Sound seemed to be such an important part of this prompt for me. Probably because as soon as we read about bells the first thing we think of is the sound. Thanks for your comment, Dawn.
Karen, this is gorgeous! I love the line: ” I try to hold my tears so she’ll burn quicker when they light her.” So powerful! I could feel this room, and the kids sitting beside their mother. Bravo!
I wanted to get across the irrationality of grief with that line so I’m thrilled by your comment, Dawn. Thank you so much.
This was one of my favorite stories this week, Karen. So real, and raw, and beautiful!
a great story. i felt every word.
I’m really pleased you were touched by my story. Thanks for your comment.
Excellent, by far my favourite story this week.
Wow, that’s a lovely compliment. I’m glad you enjoyed my story.
Oh, the bell and the cart. Ominous sounds of sadness. Well done.
Thanks for that confirming comment, Jan.
Wow. That packs a real punch. Really well done!
Thanks, Joanna. I really appreciate your comment.
i had goosebumps. sad and terrifying at the same time.
Did I really give the Queen of horror stories goosebumps?! Now that’s something…
That was raw – and I can certainly identify with the not wanting to look at a loved one that has just died. I never understood until I witnessed it myself, that their spirit really does leave (or what we see as the ‘them’ part of their physical being), and it is just a haunting shell that has left. You captured that very well.
Hi Freya. Thank you for sharing your personal experience with me. Like my two characters, people react in different ways to situations like this. I feel for you. Karen
You’re welcome – and thank you. Life is nothing if not unpredictable…
A story with powerful images that take us back to a sad time. It sounds as though their father had possibly died before since the children had to wait with their mother’s body.
Yes, it does seem as though their father had died before. It’s great when readers see a world for the characters outside the story. Thanks, Patricia.
What a horror that must of been. But then that’s how the Vikings rid themselves of their dead.
Yes, it must have been a horrendous time. We were in Norway at the end of last year and became fascinated by the history of the Vikings and their customs.
Waiting in the plague.. what horror… well told
Thanks, Bjorn.
What a horrible time that must have been. You captured it well and allowed us to experience the personal pain of those involved. Well done, Karen.
Thanks, Russell. I agree it’s the personal pain of the individuals that brings the horror of the atrocities alive. Not just in the past but in the present too.
Dear Karen,
Raw and powerful. You captured the time and feel with skillful brevity.
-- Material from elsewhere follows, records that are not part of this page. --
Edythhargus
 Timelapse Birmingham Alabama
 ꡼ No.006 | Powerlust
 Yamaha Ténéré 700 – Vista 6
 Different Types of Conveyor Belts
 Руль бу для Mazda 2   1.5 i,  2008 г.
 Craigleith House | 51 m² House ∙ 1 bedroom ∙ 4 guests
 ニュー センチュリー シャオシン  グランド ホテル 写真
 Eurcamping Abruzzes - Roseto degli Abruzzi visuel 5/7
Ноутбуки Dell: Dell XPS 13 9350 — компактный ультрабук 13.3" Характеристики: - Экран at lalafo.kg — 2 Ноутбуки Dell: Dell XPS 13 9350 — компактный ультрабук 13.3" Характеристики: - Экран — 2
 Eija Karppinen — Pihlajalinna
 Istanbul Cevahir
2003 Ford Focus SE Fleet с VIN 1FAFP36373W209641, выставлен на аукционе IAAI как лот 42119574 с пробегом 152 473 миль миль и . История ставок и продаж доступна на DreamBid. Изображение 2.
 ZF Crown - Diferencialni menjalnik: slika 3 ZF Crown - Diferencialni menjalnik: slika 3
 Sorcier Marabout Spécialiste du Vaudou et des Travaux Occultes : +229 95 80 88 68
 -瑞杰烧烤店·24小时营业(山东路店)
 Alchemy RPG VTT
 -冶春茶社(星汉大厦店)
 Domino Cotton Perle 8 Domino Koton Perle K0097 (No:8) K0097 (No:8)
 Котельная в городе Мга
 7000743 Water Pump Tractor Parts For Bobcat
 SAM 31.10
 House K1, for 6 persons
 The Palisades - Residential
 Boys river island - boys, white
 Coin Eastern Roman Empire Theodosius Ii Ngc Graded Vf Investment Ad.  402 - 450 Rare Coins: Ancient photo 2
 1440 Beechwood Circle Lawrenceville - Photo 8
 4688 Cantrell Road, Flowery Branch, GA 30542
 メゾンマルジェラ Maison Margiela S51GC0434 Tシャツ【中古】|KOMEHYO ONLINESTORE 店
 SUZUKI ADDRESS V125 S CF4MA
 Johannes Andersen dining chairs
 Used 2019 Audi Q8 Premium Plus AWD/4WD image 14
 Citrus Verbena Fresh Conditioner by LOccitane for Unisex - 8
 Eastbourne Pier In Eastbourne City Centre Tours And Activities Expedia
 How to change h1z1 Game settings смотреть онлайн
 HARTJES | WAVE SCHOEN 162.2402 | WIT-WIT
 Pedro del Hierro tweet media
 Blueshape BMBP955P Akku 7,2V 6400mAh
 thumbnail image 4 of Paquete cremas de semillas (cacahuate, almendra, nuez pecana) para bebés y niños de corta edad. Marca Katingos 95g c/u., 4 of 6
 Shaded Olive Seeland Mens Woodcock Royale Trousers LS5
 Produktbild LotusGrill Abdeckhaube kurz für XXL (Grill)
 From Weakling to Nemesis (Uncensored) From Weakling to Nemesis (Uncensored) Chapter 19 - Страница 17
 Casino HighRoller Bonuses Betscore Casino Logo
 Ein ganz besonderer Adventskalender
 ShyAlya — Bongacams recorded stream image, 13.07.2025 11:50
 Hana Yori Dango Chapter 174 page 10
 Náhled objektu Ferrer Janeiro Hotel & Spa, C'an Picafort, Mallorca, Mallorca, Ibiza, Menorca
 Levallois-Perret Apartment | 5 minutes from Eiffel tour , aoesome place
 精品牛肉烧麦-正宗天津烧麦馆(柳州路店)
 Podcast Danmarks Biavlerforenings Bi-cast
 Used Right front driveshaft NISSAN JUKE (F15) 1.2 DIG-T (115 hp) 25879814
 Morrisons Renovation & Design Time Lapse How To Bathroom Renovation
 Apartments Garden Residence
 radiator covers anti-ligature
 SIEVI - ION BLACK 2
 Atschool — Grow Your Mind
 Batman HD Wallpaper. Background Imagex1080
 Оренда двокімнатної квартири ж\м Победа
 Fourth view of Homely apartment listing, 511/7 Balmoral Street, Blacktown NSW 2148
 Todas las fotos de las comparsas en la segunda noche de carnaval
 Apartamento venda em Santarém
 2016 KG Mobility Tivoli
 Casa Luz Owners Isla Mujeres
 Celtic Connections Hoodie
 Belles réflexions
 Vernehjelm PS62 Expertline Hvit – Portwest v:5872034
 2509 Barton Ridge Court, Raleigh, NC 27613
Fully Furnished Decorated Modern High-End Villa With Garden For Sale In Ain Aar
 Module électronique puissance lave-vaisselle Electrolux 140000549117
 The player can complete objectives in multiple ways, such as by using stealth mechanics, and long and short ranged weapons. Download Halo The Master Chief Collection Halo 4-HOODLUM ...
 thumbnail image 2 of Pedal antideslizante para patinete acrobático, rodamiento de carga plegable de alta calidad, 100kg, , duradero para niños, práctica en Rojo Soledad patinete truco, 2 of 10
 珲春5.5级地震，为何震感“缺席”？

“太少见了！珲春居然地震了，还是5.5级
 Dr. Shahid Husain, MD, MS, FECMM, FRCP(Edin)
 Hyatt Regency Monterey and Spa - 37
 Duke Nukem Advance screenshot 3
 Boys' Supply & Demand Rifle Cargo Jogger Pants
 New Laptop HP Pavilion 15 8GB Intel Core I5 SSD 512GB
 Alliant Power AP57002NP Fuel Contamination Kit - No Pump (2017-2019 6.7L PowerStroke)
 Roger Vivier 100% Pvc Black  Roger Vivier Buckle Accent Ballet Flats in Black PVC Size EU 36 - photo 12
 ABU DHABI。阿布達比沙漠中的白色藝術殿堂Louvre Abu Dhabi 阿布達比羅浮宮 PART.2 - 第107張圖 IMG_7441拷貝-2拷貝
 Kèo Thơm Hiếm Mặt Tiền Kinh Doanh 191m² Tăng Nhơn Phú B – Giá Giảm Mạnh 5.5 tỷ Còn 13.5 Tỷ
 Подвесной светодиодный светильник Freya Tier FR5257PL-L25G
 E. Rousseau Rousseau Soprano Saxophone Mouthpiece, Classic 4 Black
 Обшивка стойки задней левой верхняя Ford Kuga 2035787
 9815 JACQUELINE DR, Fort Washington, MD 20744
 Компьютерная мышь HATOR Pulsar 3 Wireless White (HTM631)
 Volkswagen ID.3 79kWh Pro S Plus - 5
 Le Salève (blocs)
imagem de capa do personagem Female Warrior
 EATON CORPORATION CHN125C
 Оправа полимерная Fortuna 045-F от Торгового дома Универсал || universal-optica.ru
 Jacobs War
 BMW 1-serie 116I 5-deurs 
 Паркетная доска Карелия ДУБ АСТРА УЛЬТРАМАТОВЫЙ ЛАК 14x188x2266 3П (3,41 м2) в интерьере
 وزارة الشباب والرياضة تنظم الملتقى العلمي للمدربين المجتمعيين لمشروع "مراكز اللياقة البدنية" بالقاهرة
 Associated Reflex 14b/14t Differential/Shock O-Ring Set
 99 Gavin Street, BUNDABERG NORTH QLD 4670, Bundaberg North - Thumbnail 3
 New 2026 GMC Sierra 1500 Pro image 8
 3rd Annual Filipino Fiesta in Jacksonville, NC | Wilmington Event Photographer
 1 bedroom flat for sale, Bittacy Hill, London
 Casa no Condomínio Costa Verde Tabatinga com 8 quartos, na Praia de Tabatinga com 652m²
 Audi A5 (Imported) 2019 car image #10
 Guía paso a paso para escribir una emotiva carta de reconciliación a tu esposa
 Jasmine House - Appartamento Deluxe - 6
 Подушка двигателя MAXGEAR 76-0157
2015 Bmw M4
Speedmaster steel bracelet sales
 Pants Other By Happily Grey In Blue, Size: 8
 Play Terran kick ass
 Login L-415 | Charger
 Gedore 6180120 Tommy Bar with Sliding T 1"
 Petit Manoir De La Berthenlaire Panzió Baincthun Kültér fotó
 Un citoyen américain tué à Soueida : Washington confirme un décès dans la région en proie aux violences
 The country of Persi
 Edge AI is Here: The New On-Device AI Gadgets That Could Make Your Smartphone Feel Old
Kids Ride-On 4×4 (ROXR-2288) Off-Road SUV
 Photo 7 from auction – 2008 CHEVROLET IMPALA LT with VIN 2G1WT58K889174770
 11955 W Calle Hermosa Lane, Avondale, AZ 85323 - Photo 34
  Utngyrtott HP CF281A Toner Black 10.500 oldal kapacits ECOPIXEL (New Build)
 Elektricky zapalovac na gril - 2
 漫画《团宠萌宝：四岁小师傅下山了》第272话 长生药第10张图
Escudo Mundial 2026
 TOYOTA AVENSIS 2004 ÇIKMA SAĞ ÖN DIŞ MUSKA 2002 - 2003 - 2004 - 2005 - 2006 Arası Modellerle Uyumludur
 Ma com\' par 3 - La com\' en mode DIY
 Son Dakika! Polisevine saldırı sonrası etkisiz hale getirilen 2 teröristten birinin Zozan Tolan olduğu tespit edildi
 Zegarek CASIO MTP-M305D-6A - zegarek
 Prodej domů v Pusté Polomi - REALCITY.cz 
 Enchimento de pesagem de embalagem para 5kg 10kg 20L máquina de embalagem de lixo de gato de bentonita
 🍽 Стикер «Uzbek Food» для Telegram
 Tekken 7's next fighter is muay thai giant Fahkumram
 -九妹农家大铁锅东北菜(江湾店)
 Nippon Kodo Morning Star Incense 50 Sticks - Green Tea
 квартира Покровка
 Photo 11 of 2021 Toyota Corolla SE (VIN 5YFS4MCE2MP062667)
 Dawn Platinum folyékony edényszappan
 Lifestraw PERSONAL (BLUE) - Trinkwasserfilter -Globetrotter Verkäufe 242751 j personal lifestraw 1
Bravo!
shalom,
Rochelle
Thanks, Rochelle. I really appreciate your comment. cheers, Karen
This was a graphic insight into the era of the plague, the cart and the bell, you have written it very cleverly, the imagery clearly depicting the horror of that era. Well done Karen.
Heartfelt thanks for your kind comment, Michael.
Powerful writing. You created the scene so well I could feel the sorrow. Well done.
Thank you for reading and for your kind comment, Zainab.
A sadly little vignette. I could see everything so clearly.
Kind regards,
Marie Gail
I’m thrilled by your comment, Marie Gail. Thank you.
A very touching story. I can feel the children’s sadness!
Thanks very much for reading and for your comment, Riya.